§ Brief descriptive captions
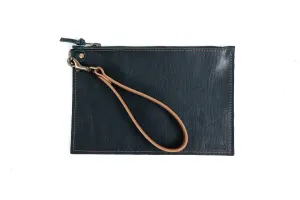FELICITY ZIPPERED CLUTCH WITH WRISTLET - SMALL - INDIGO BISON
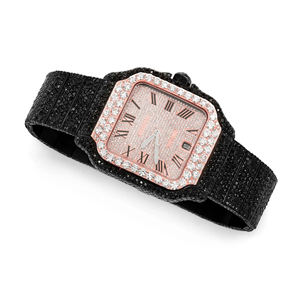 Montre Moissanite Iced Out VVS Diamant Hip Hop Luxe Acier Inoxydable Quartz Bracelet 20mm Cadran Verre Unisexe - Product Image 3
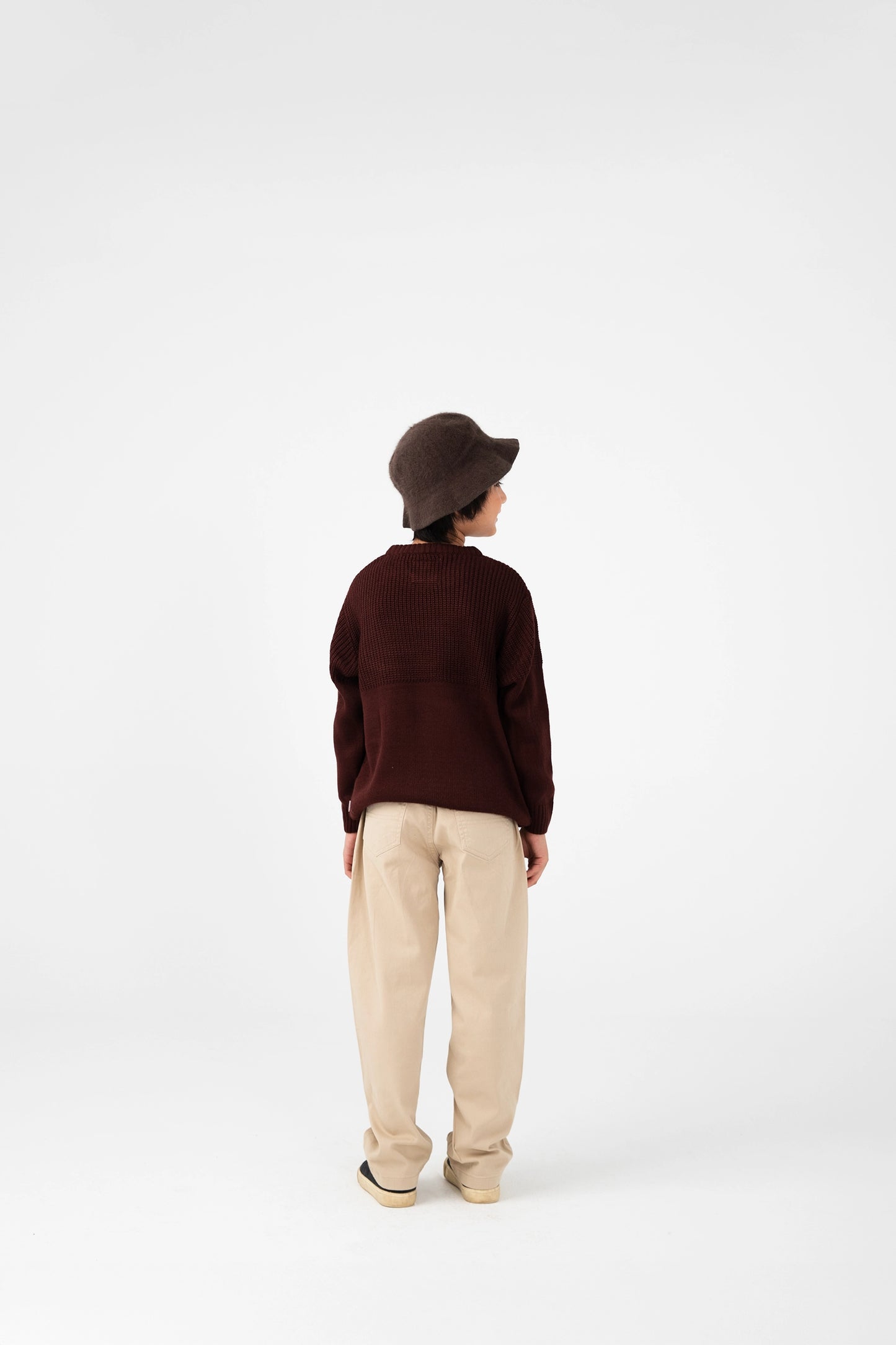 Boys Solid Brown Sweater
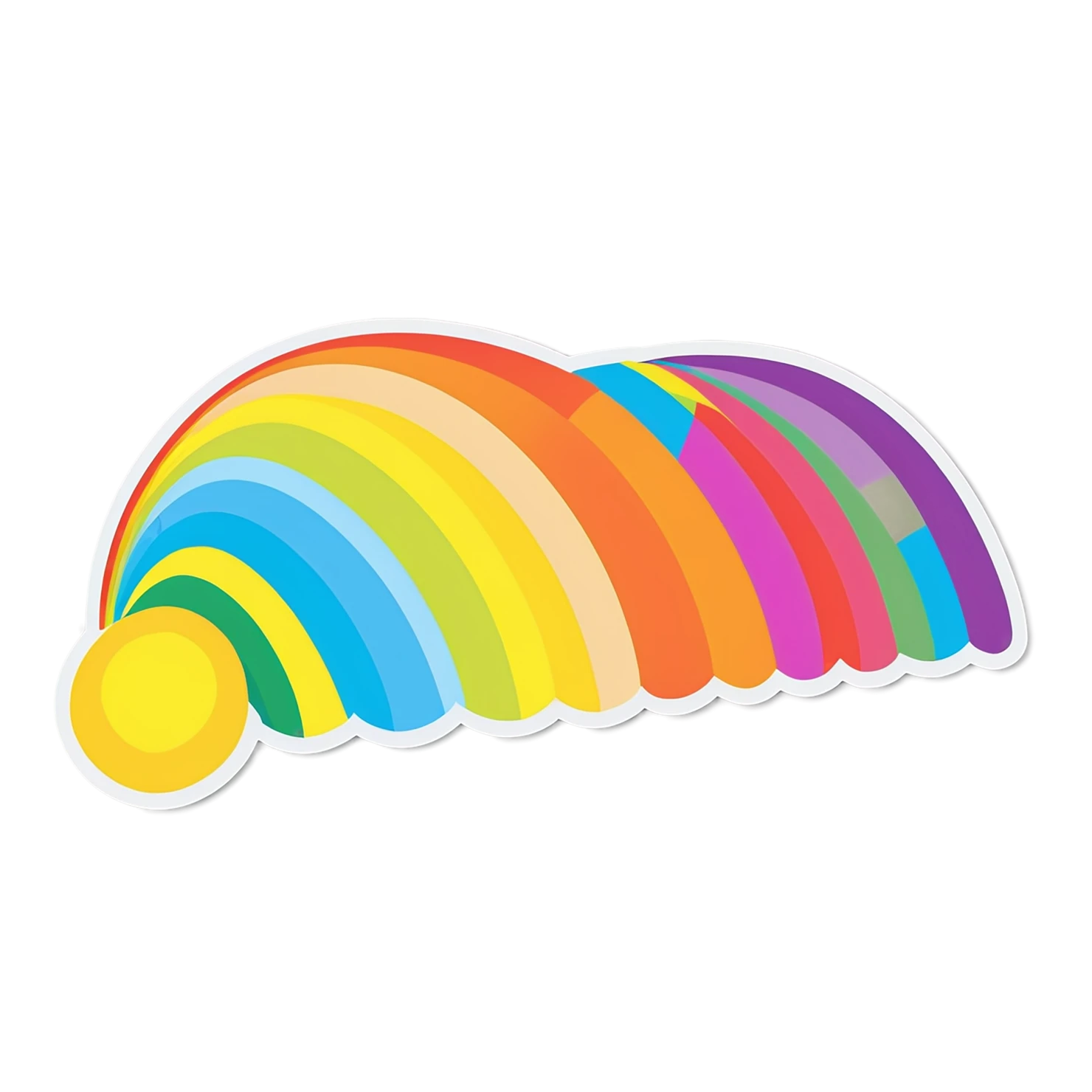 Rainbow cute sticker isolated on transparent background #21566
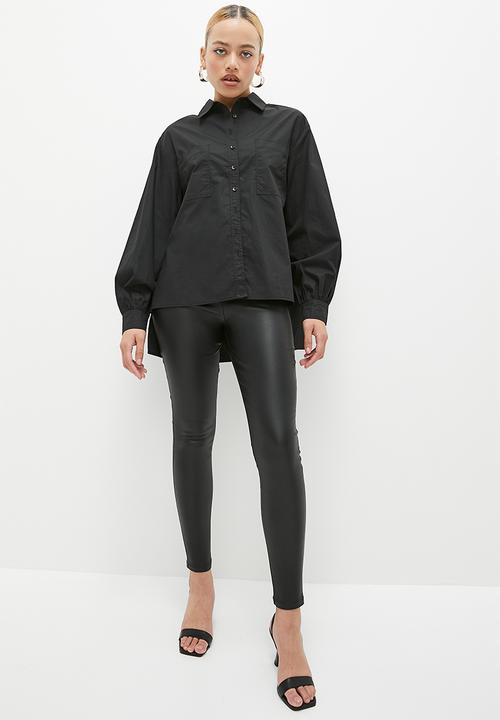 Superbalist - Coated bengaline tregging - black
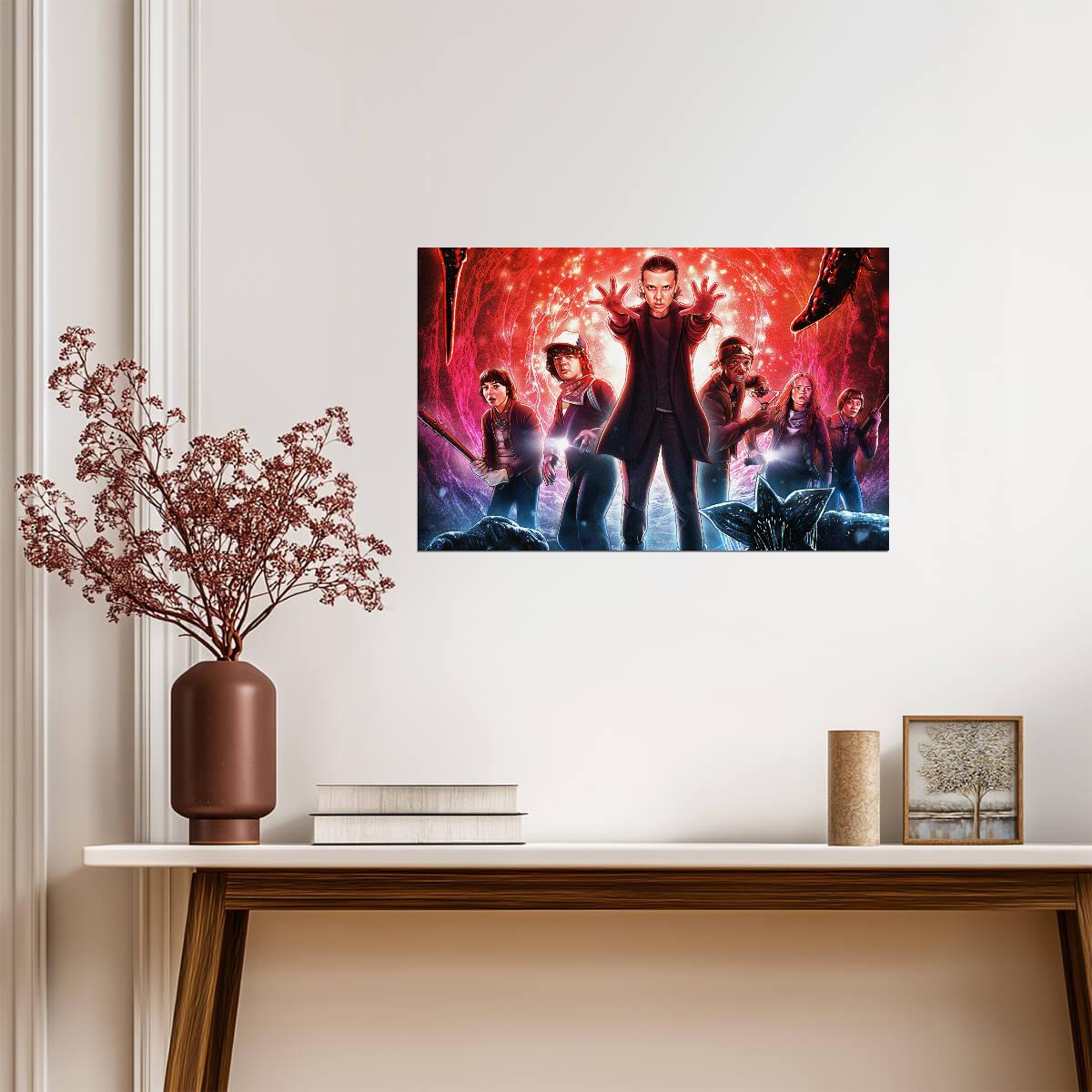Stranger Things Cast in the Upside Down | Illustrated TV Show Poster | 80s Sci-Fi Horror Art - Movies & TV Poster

§ What you need to do
Starting from the line containing "Montre Moissanite Iced", repeat each line exactly through the end of the entries, including the last, while leaving pictures out.

§ Result of the exercise
 Montre Moissanite Iced Out VVS Diamant Hip Hop Luxe Acier Inoxydable Quartz Bracelet 20mm Cadran Verre Unisexe - Product Image 3
 Boys Solid Brown Sweater
 Rainbow cute sticker isolated on transparent background #21566
 Superbalist - Coated bengaline tregging - black
Stranger Things Cast in the Upside Down | Illustrated TV Show Poster | 80s Sci-Fi Horror Art - Movies & TV Poster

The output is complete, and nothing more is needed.